Splash ! Je plongeai les mains la première. L'eau n'était pas très profonde ; mes mains s'enfoncèrent dans la vase et mon visage s'arrêta à quelques centimètres de l'eau glacée. Les pointes de mes cheveux trempaient dans l'eau, et je sentis une morsure glaçante me prendre le bas du corps. Des gouttelettes atterrirent sur Pouic, qui fut dérangé dans son sommeil. Ce dernier s'ébroua, leva les oreilles, l'air alerte, et décida de s'en aller lâchement. «
Merci de ton soutien, hein ! » Maugréai-je à son attention. Je me relevai difficilement, honteuse d'avoir ainsi perdu le contrôle. J'imaginais déjà la voix de mon mentor qui me reprenait. «
Regarde toujours devant toi avant de fermer les yeux ! Garde des mouvements symétriques ! » Quand mes jambes sortirent de l'eau, l'air frais mordit violemment ma peau. Et quand le tissu de ma tenue se colla à mon tibia, la sensation fut encore plus désagréable.
*
Même ici, ces pimbêches m'ont ruiné ma matinée !* Pensai-je amèrement. Je grelottais déjà. Je réfléchis à un haiku pour que la nature me vienne en aide, mais il m'était devenu impossible de me concentrer. Cette journée ne s'annonçait pas meilleure que la précédente, même sur une île différente... je me retournai et foudroyai le rocher du regard. *
Pffff. Un Sorcier m'a jeté une malédiction aujourd'hui ? Mon thé était empoisonné ?!* En serrant les poings, je plaquai mes bras contre mon torse pour me réchauffer. Cela eut comme seul effet de me mouiller le torse et d'empirer la situation. «
Pouic, viens ! Je vais hiberner jusqu'à la prochaine lune. » Repliée sur moi-même pour tenter de garder un maximum de chaleur corporelle, je commençai à me diriger vers le bas de la colline.

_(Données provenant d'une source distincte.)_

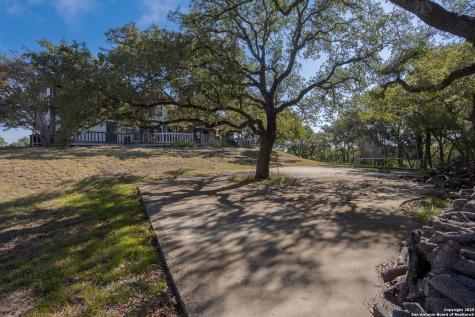 28417 Royal Ascot Fair Oaks Ranch TX 78015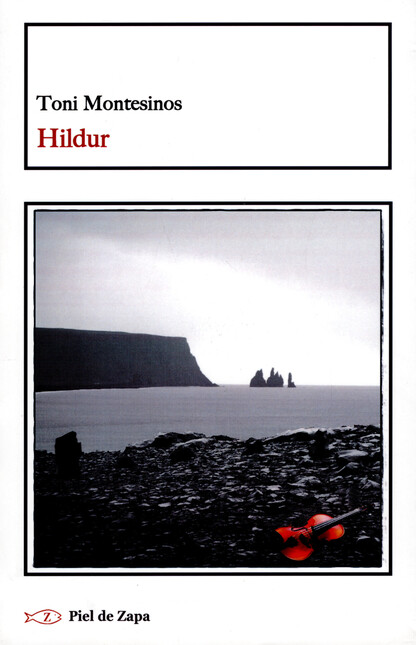 Hildur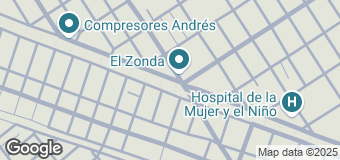 Location image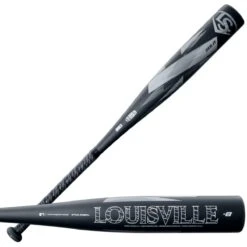 2022 Louisville Slugger SOLO (-8) USSSA Baseball Bat: WTLSLS6X0822 19 2022 Louisville Slugger SOLO (-8) USSSA Baseball Bat: WTLSLS6X0822 -Baseball Equip Shop WTLSLS6X0822 8 LS SL Solo 22 8 BL GY.png.cq5dam.web .1200.1200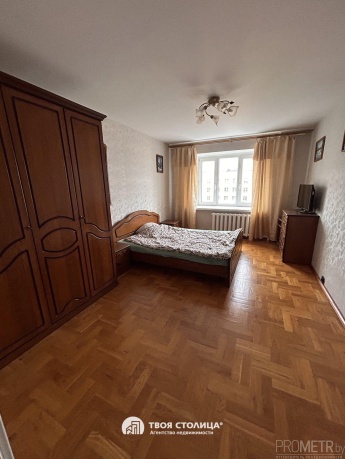 Фото объекта 2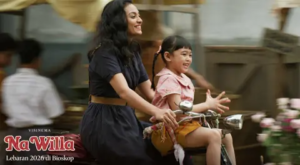 Sejumlah Film Indonesia Siap Tayang Libur Lebaran, Ini Judulnya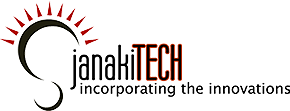 janaki-tech
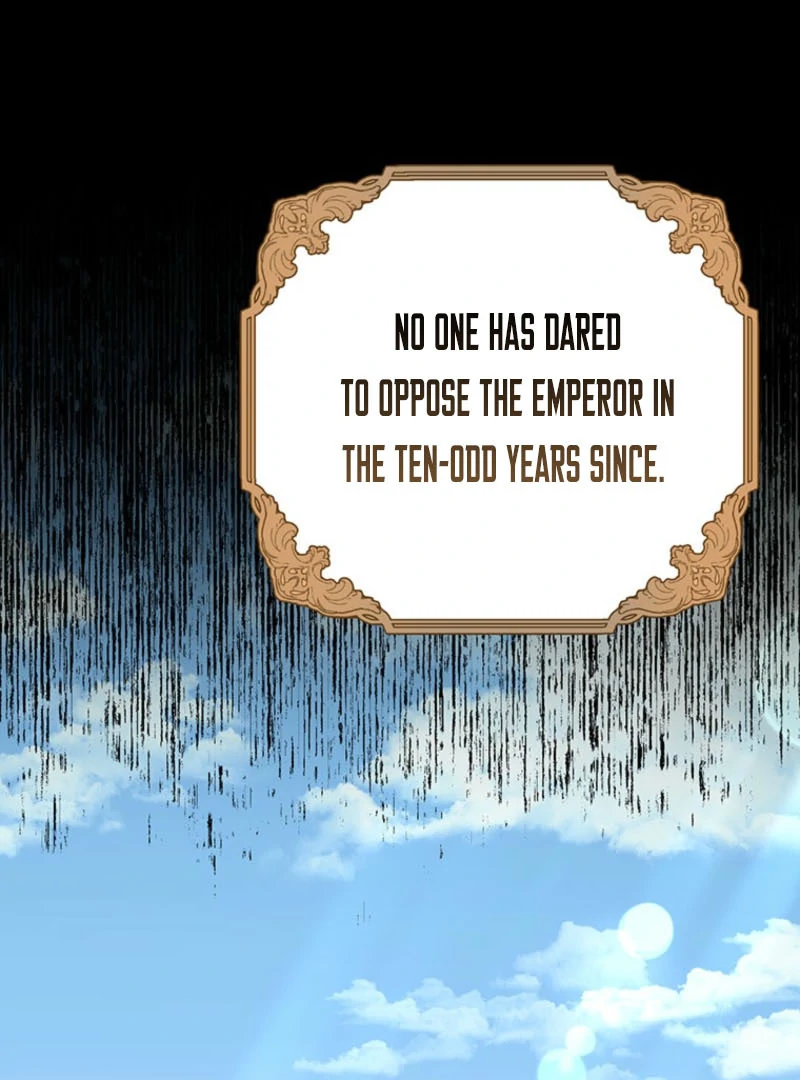 I Need a Sponsor chapter 16 page 44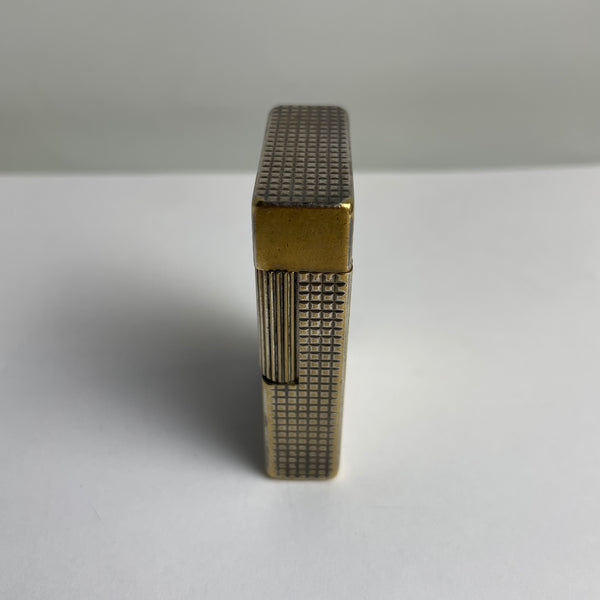 Vintage Dupont Feuerzeug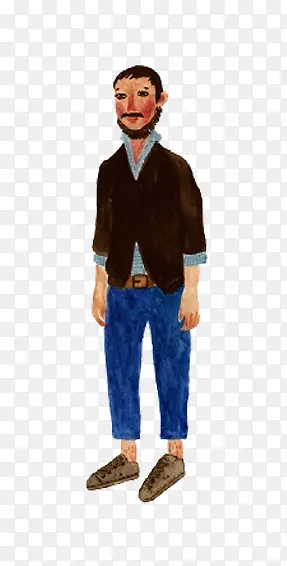 ��ͨʱ������-������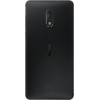 Nokia 6 (Matte Black 3GB RAM 32GB Storage Refurbished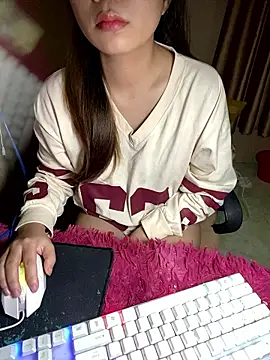 An-An19 online show from 01-08-26, 11:33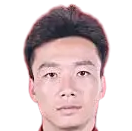 https://img.shihuihuizhuanyao.com/img/football/player/693dee4b69d28ebee789b9d5b4b26b9c.png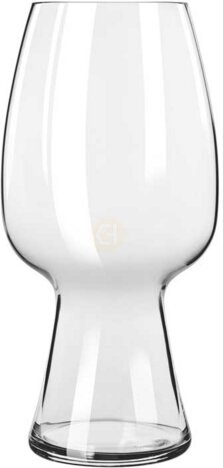 Craft Beer Glass By Spiegelau Stout Glass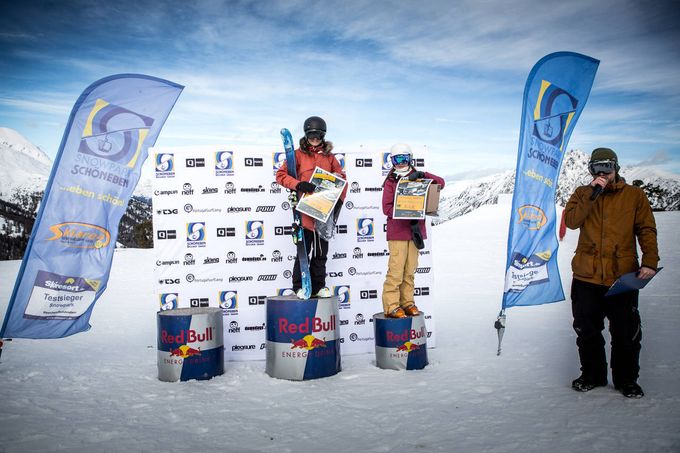 _web_schoeneben__10-01-2015__lifestyle__Patrick_Steiner_003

Mais Pouic ne venait pas. «
Pouic ? Tu vas pas t'y mettre aussi ! » Je le cherchai des yeux et vis son derrière poilu se secouer dans un arbuste.
«
Qu'est-ce que t'as trouvé encore ? Du gibier ? J'ai dit au pied ! » Mais il ne réagissait pas. Ce qu'il avait trouvé devait être fort intéressant pour qu'il brave mon autorité. Je me dirigeai vers lui et, soudain, me pétrifiai. Un être humain venait de surgir. Pouic essayait de lui sauter dessus et aboyait d'excitation. «
Pas sauter, Pouic ! » Maugréai-je. Cette fois, c'était la meilleure. Tomber comme idiote avait asséné un coup à mon amour propre. Mais savoir que quelqu'un m'avait vue dans cette situation... et dans cet accoutrement peu grâcieux... c'était encore pire. Ma tenue blanche était à moitié transparente, imbibée d'eau, et des mèches de cheveux étaient inégalement collés à mon visage rougi par la honte. «
Je... euh... » balbutiai-je. J'avais réponse à tout, d'accoutumée. Mais là, maintenant, plus aucun son ne pouvait franchir mes lèvres. Je voulais juste me téléporter loin d'ici, dans mon lit, et rester à jamais cachée sous ma couette.